Core concepts

A short tour of the model so the rest of the docs read naturally.

Endpoints

Posthorn is configured as a list of endpoints. Each endpoint is a (path, transport, recipients, templates, protections) bundle. An endpoint is independent — it has its own rate-limit counter, its own templates, its own honeypot field name.

You can configure as many endpoints as you want in a single config file. They share nothing operationally — submissions to /api/contact don’t count against the rate limit on /api/newsletter.

[[endpoints]]
path = "/api/contact"
# ...

[[endpoints]]
path = "/api/newsletter"
# ...

Transports

A transport is the egress side — the thing that actually delivers the email. Posthorn ships five transports: Postmark, Resend, Mailgun, AWS SES, and an outbound-SMTP relay.

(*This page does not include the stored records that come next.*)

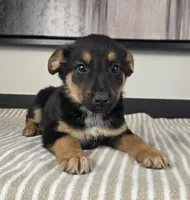 Cooper, a male Australian Cattle Dog and German Shepherd Dog for sale in Franklin, IN – 2 of 5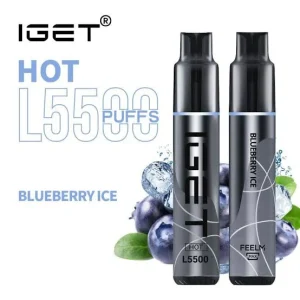 BLUEBERRY ICE – IGET HOT – 5500 PUFFS
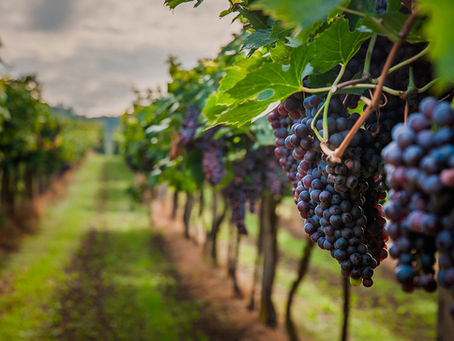 Ruta del vino de Baja California, tu próxima escapada !!!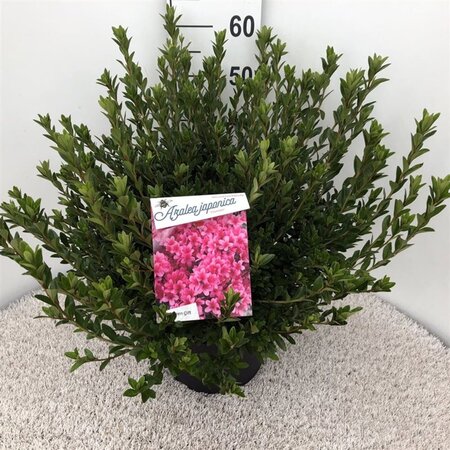 Rhododendron (AJ) 'Silvester' 40-50 cm cont. 10L - afbeelding 2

The Transport interface is identical across them, so adding a new one doesn’t require changes to the request pipeline.

Each endpoint has its own transport configuration:

[endpoints.transport]
type = "postmark"

[endpoints.transport.settings]
api_key = "${env.POSTMARK_API_KEY}"

Different endpoints can use different transports — useful for routing transactional vs. marketing mail to separate Postmark servers, for example.

The request pipeline

Every form submission flows through this pipeline, in this order:

1. body size cap        → http.MaxBytesReader wraps r.Body   (413)
2. method check         → POST only                          (405)
3. content-type check   → form-encoded only                  (400)
4. origin/referer check → fail-closed if allowed_origins set (403)
5. rate limit check     → token bucket, proxy-aware IP       (429)
6. parse form           → r.ParseForm() reads body           (413/400)
7. honeypot check       → silent 200 if field non-empty      (200)
8. required fields      → all listed fields present + non-empty (422)
9. email format         → submitter email field syntactic    (422)
10. generate submission ID (UUIDv4), log "submission_received"
11. render subject template
12. render body template + custom-fields passthrough
13. transport.Send() with retry policy
14. log outcome, write response (JSON or redirect)           (200/502)

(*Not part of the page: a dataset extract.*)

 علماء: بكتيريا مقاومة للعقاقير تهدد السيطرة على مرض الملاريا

The order is intentional: cheaper checks before expensive ones, header-only checks before parsing the body, security checks before processing.

Submission IDs

Every request gets a fresh UUIDv4 submission ID at step 10. That ID is included in every log line for that request — from “received” through “sent” or “failed” — and is returned in the JSON response. Save the ID in your logs and you can correlate every event for a single submission.

{"submission_id":"7f2c84d6-9b1e-4c2f-a3b8-1a2b3c4d5e6f", ...}

Custom fields passthrough

The required-fields list, the honeypot field, and the email field together define what Posthorn calls the named fields. Anything else in the form submission is passed through verbatim into an “Additional fields” block at the bottom of the rendered email body:

From: Alice <alice@example.com>

This is the message body the template rendered.

Additional fields:
  company: Acme Corp
  source: HN
  newsletter_opt_in: yes

This means you can add new form fields without touching your config — they show up in the email automatically. Great for A/B testing form variations.

Failure handling

The retry policy is deliberately simple and bounded:

Outcome	Action
Transport returns 2xx	Log success, return 200
Transport returns 5xx or network error	Wait 1s, retry once
Transport returns 429 Too Many Requests	Wait 5s, retry once
Transport returns 4xx (other than 429)	Don’t retry — log error, return 502
10s elapses on the entire request	Cancel retry, log error, return 502

The 10-second cap is hard. Even with retries in flight, the request returns by the 10-second mark. No unbounded waits.

On terminal failure, Posthorn logs the full submission payload at ERROR level by default. The thinking: the submission has already failed; the operator’s primary recovery path is reading the form contents out of the logs and sending the email manually. You can flip this off with log_failed_submissions = false for GDPR-sensitive contexts.

Note

Posthorn has no persistent queue. A failed submission that exhausted both retries is gone from in-memory state; only the log line remains. Persistent retry queues land in v2 along with SQLite storage.

Deployment

Posthorn is a single Go binary, distributed as a Docker container or a standalone executable. Run it as a sidecar to your apps and reverse-proxy your form endpoints to it from whatever front door you already use — Caddy, nginx, Traefik, Cloudflare. The reverse proxy page has worked examples.